# EXTRACTED RECORDS:
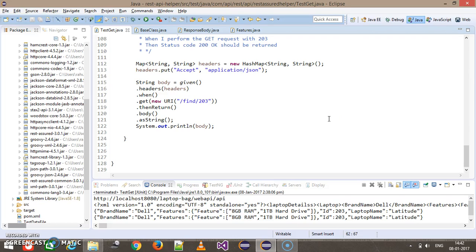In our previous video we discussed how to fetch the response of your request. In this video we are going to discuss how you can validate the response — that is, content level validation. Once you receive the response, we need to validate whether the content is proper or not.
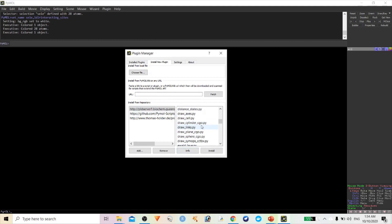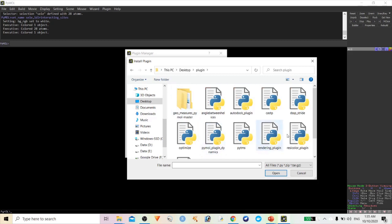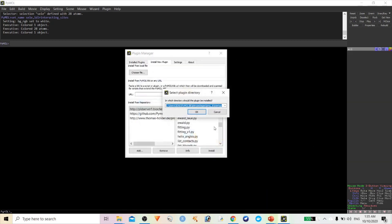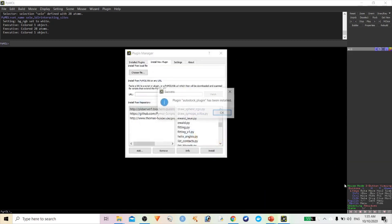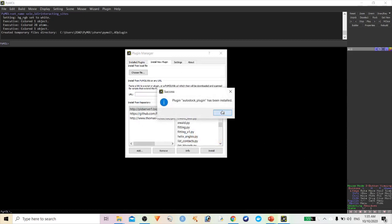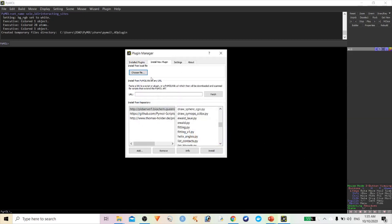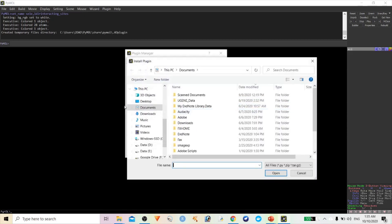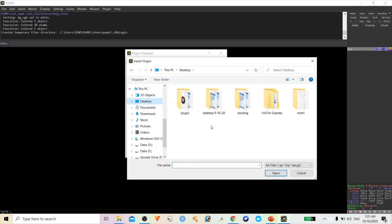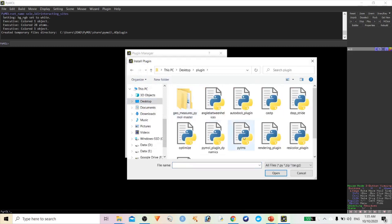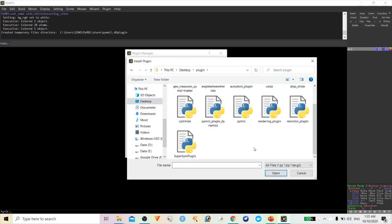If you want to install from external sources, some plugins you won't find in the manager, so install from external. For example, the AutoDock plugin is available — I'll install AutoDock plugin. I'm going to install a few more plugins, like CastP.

* * *

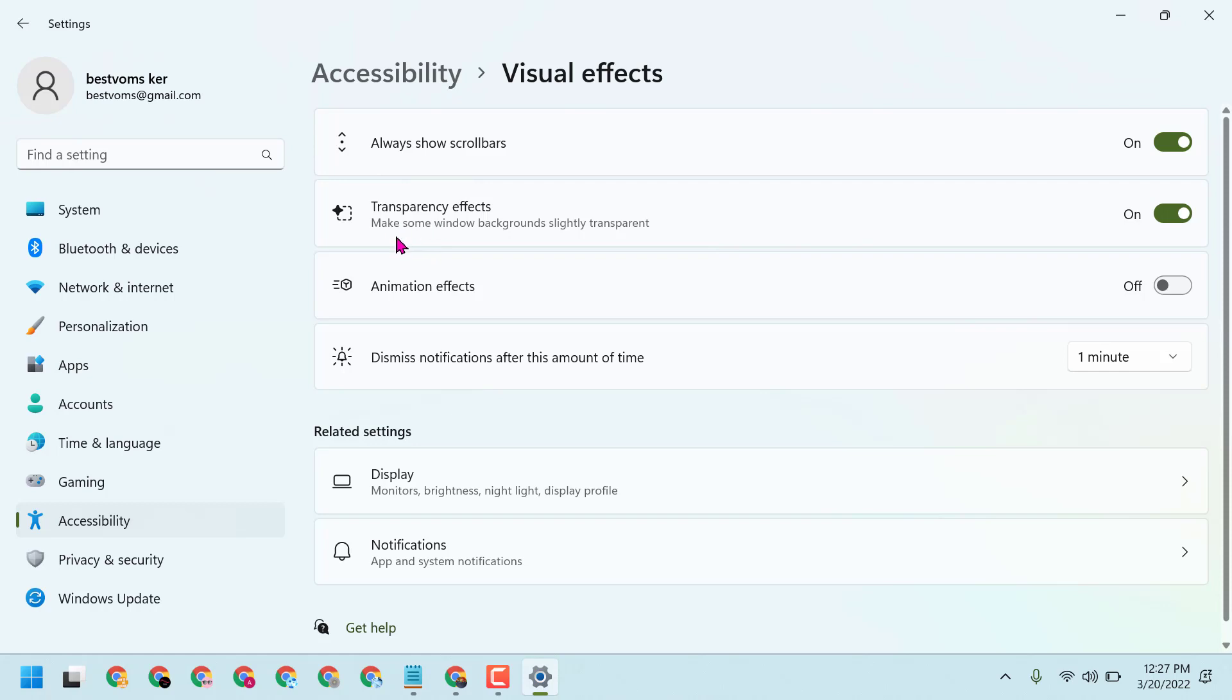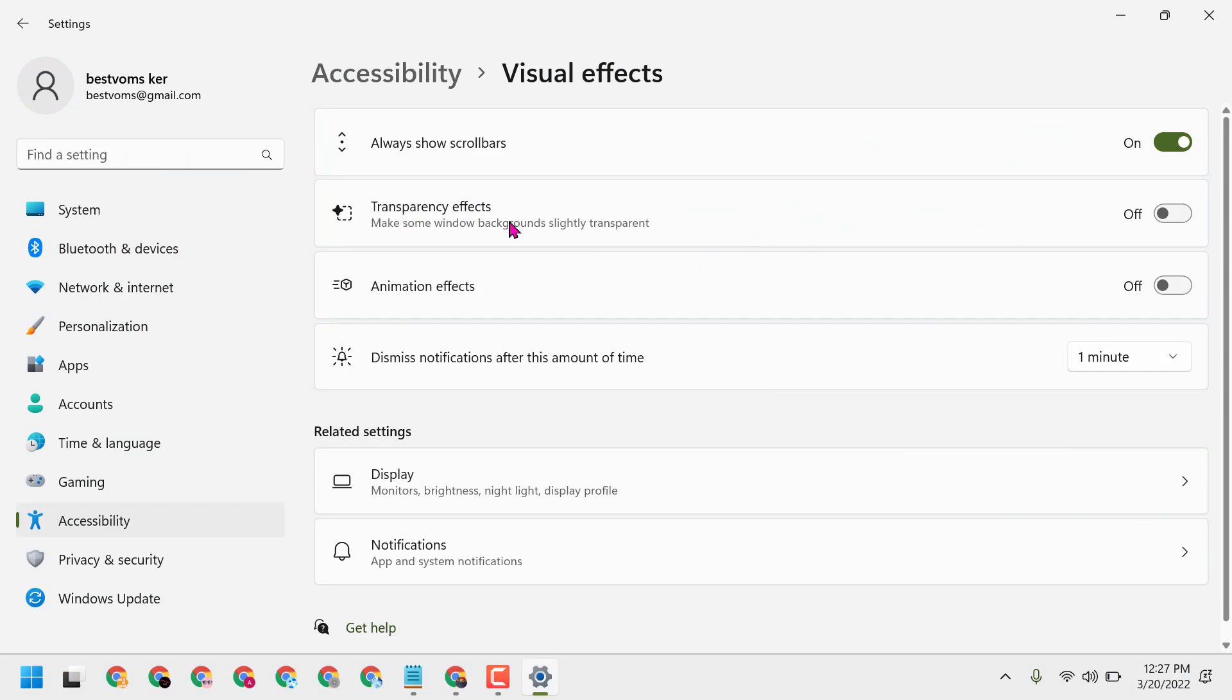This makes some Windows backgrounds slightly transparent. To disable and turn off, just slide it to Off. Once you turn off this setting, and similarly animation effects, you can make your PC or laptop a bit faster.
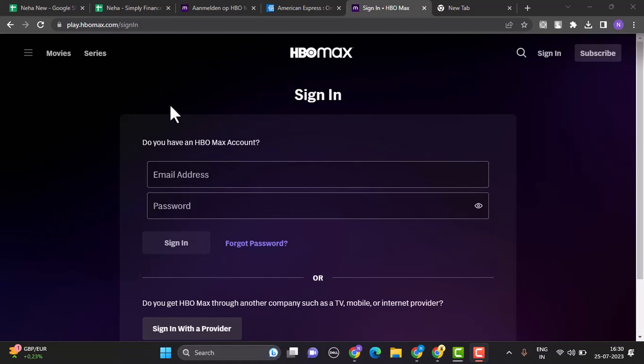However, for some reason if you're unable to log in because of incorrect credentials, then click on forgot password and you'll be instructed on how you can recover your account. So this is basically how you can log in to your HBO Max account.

# PROBLEM TO WORK ON:
Look above for the line containing "In our previous", then copy exactly from it through the line containing "If you want", keeping both and leaving out pictures. Add nothing else.

# ANSWER SPACE:
In our previous video we discussed how to fetch the response of your request. In this video we are going to discuss how you can validate the response — that is, content level validation. Once you receive the response, we need to validate whether the content is proper or not.
If you want to install from external sources, some plugins you won't find in the manager, so install from external. For example, the AutoDock plugin is available — I'll install AutoDock plugin. I'm going to install a few more plugins, like CastP.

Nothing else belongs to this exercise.